Primer specificity and PCR efficiency

PCR efficiencies of all primer pairs were found to be >75 % (Fig. 1 in ESM). The specificity of primers was further confirmed by running the PCR products in a 2 % agarose gel (Fig. 2 in ESM). Since multiple bands were seen in ALU PCR products, they were digested with ALU specific restriction enzyme (ALU I, Fermentas,Thermo Scientific), and absence of non-ALU-specific amplification was confirmed (data not shown).

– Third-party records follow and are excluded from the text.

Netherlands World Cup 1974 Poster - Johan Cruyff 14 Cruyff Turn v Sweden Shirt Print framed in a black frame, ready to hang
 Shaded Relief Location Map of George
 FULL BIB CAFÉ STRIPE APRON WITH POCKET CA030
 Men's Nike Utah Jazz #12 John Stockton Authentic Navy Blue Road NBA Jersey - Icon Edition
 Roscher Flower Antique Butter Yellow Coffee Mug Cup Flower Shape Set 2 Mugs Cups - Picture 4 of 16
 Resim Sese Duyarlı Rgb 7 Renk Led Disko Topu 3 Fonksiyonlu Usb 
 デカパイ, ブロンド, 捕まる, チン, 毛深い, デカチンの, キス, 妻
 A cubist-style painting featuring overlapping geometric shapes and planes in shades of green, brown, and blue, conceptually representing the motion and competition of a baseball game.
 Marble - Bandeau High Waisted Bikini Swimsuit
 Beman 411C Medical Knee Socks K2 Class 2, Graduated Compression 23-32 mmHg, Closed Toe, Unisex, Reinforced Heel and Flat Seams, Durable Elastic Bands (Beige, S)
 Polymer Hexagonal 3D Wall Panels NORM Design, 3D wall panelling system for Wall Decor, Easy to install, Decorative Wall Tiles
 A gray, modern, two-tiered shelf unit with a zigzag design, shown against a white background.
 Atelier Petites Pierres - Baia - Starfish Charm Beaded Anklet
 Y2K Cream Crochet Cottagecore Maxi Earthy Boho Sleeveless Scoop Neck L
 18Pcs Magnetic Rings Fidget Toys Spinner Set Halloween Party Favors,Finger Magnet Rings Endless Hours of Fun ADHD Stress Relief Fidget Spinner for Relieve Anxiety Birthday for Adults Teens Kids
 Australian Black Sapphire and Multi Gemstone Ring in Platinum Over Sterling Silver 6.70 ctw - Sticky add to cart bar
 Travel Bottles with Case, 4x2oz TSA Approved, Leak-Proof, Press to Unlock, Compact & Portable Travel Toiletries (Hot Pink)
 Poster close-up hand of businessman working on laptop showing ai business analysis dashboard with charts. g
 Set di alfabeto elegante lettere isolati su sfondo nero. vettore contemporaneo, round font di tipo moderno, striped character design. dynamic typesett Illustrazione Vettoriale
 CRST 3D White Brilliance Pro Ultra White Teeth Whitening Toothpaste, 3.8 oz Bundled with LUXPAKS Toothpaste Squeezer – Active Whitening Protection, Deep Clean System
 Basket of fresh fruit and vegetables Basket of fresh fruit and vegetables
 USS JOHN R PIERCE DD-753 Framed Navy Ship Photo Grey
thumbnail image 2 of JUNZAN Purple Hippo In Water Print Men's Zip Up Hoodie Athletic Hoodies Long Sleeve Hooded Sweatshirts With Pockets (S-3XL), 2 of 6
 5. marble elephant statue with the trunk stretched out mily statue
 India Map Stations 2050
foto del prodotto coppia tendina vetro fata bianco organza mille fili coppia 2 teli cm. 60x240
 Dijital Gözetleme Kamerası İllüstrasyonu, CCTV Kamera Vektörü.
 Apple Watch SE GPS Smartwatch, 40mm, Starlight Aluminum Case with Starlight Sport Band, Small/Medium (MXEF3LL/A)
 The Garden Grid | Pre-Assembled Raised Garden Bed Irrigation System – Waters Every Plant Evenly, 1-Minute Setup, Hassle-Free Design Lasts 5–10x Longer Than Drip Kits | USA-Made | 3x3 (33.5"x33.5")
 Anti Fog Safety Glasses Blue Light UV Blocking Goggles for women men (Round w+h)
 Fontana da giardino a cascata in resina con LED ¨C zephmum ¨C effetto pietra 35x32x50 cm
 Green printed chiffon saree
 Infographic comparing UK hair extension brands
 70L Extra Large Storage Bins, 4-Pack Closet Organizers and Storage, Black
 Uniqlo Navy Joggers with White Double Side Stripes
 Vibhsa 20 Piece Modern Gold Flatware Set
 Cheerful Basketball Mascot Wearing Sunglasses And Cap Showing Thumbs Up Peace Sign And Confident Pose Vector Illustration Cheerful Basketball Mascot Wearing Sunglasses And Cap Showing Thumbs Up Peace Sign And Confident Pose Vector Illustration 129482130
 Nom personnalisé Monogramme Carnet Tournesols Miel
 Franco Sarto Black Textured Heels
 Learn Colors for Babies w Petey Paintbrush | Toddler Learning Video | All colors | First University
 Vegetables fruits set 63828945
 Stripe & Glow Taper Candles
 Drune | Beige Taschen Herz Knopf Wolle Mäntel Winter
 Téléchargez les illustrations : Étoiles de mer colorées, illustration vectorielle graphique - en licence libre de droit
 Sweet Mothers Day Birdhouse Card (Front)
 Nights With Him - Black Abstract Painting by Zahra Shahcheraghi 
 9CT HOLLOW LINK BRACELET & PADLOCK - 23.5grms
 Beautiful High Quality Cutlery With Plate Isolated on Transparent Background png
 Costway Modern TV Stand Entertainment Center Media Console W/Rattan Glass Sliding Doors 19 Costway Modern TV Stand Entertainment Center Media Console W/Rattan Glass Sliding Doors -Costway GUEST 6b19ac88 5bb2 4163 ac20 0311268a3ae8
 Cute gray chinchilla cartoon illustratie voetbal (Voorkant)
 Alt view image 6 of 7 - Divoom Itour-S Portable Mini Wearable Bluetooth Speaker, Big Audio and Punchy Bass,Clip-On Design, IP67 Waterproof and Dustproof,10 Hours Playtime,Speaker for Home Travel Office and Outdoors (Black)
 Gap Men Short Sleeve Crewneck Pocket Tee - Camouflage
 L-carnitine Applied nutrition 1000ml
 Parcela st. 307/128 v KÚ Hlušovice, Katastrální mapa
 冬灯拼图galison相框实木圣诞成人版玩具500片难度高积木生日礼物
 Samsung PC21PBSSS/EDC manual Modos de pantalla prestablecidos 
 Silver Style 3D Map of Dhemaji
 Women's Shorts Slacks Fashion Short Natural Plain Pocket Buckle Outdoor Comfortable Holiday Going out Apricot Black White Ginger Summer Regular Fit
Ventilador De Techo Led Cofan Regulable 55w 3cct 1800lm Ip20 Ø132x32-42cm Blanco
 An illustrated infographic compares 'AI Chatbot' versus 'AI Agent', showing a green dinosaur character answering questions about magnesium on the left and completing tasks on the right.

Decrease in cfDI and increase in cfDNA concentration in PBC and MBC cases in comparison to controls

The measurements made with ALU and LINE1 showed a good correlation between them for cfDI (\(\rho =0.77\), 95 % CI 0.72–0.80) and log2cfDNA concentration (\(\rho =0.95\), 95 % CI 0.94–0.96) (Fig. 3 in ESM), and always the same direction of results was obtained with both repetitive elements. cfDI was observed to be inversely proportional to the severity of the disease. Healthy controls had the highest cfDI (median ALU cfDI = 0.65, median LINE1 cfDI = 0.50), followed by PBC (median ALU cfDI = 0.62, median LINE1 cfDI = 0.48), CTCneg-MBC (median ALU cfDI = 0.58, median LINE1 cfDI = 0.46), and finally CTCpos-MBC cases (median ALU cfDI = 0.39, median LINE1 cfDI = 0.32) (Table 1). The reverse direction was observed with respect to cfDNA concentrations; controls had the lowest and CTCpos-MBC cases the highest concentration (Table 1). The differences in cfDI and cfDNA concentration between each pair of groups were statistically significant for both ALU and LINE1, with the exception of CTCneg-MBC versus PBC (Table 1; Fig. 1). Comparison of cfDI of PBC to controls showed borderline significance for both targets (ALU: P = 0.046; LINE1: P = 0.041) (Table 1; Fig. 1).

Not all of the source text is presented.